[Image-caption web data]
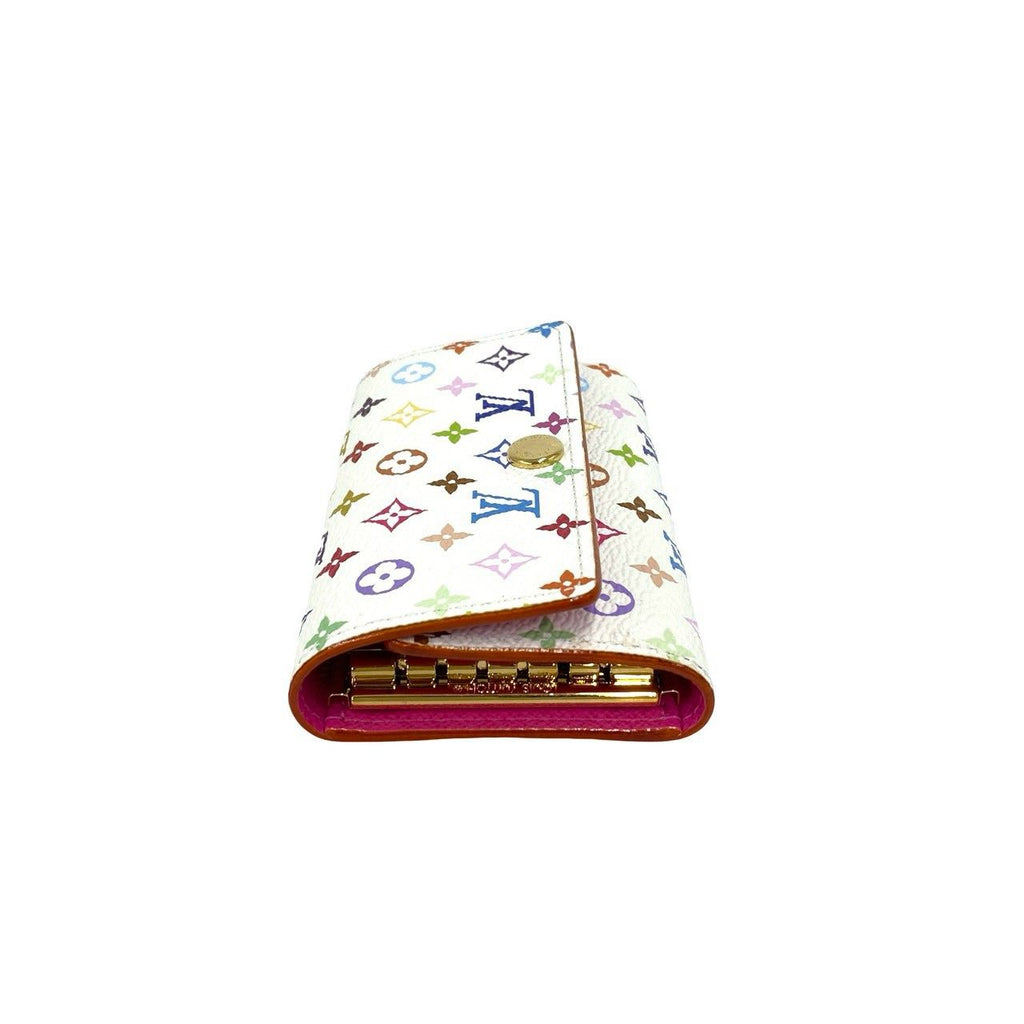 Louis Vuitton Multicles 6 Monogram Multicolor Takashi Murakami Leather — view 4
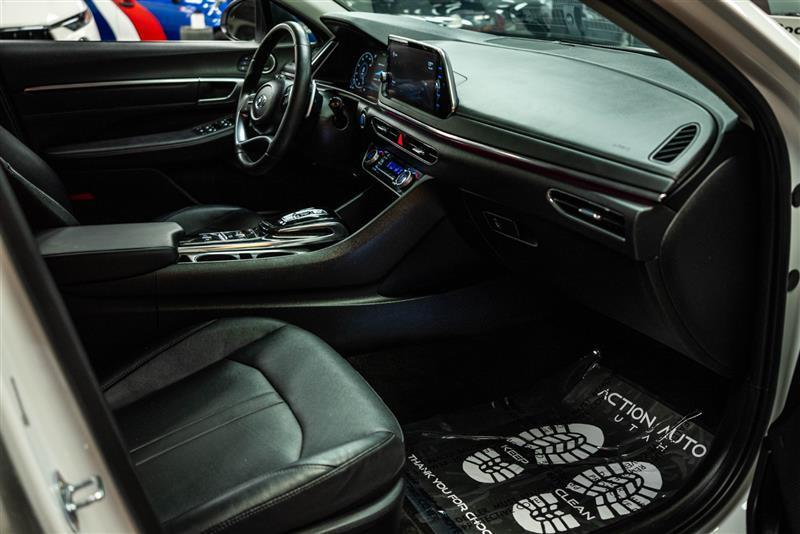 used 2022 Hyundai Sonata car, priced at $22,675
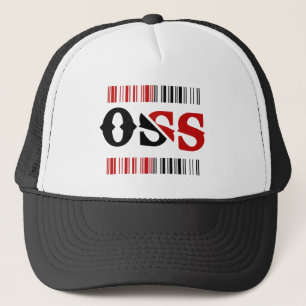 Casquette CAP bjj oss - Bonnet bjj oss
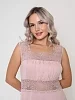 Женская сорочка Риана (короткая) / Пудровый №1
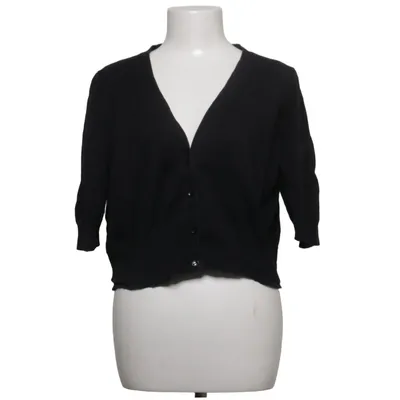 Cardigan (Black) from M&S Woman Cotton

WHAT IS BEING ASKED – The answer must be an exact copy of the lines from the one containing "Женская сорочка Риана" through the last line of the records, and nothing else. Pictures do not belong in it.

FINISHED TASK –
 Женская сорочка Риана (короткая) / Пудровый №1
 Cardigan (Black) from M&S Woman Cotton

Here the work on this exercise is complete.